___ Listed entries
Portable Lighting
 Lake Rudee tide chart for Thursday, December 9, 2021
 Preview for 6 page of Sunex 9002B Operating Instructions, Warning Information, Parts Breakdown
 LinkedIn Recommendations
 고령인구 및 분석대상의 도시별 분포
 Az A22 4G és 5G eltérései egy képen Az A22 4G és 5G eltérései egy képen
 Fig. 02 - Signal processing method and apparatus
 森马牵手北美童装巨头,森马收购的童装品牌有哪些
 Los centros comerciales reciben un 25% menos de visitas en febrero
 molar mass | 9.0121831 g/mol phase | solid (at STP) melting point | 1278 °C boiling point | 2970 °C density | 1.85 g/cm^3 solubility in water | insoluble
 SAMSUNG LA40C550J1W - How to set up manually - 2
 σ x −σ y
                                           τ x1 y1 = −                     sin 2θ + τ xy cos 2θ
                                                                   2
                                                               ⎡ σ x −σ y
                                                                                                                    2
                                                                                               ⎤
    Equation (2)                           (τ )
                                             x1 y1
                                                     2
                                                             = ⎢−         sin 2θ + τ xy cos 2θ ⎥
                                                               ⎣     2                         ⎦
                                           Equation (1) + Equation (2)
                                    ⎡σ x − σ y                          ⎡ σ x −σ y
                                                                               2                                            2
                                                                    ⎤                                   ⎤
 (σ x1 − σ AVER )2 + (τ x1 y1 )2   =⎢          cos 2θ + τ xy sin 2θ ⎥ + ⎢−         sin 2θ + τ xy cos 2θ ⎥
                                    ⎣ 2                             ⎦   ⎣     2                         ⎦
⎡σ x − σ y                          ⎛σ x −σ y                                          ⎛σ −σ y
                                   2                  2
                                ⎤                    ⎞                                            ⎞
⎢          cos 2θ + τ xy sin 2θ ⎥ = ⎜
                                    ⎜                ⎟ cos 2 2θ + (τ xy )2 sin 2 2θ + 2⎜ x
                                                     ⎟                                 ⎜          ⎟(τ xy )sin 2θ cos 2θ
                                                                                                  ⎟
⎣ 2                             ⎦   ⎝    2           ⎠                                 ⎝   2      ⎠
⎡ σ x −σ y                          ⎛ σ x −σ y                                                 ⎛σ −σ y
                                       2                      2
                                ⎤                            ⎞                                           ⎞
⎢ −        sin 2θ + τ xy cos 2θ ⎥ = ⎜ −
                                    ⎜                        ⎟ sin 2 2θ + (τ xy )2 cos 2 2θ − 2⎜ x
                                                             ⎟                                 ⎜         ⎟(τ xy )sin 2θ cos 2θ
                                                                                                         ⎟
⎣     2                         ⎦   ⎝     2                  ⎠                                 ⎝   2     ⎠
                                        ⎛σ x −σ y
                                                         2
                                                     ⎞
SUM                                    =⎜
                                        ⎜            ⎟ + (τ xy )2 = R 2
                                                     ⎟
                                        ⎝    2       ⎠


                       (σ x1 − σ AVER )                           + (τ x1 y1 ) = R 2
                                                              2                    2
______
| Exercise requirements |
All that should be written out is the stretch of lines above between the one holding "2 2θ + 2⎜ x" and the one holding "xy )2 = R 2", inclusive, exactly as given.

| Answer to this task |
                                    ⎜                ⎟ cos 2 2θ + (τ xy )2 sin 2 2θ + 2⎜ x
                                                     ⎟                                 ⎜          ⎟(τ xy )sin 2θ cos 2θ
                                                                                                  ⎟
⎣ 2                             ⎦   ⎝    2           ⎠                                 ⎝   2      ⎠
⎡ σ x −σ y                          ⎛ σ x −σ y                                                 ⎛σ −σ y
                                       2                      2
                                ⎤                            ⎞                                           ⎞
⎢ −        sin 2θ + τ xy cos 2θ ⎥ = ⎜ −
                                    ⎜                        ⎟ sin 2 2θ + (τ xy )2 cos 2 2θ − 2⎜ x
                                                             ⎟                                 ⎜         ⎟(τ xy )sin 2θ cos 2θ
                                                                                                         ⎟
⎣     2                         ⎦   ⎝     2                  ⎠                                 ⎝   2     ⎠
                                        ⎛σ x −σ y
                                                         2
                                                     ⎞
SUM                                    =⎜
                                        ⎜            ⎟ + (τ xy )2 = R 2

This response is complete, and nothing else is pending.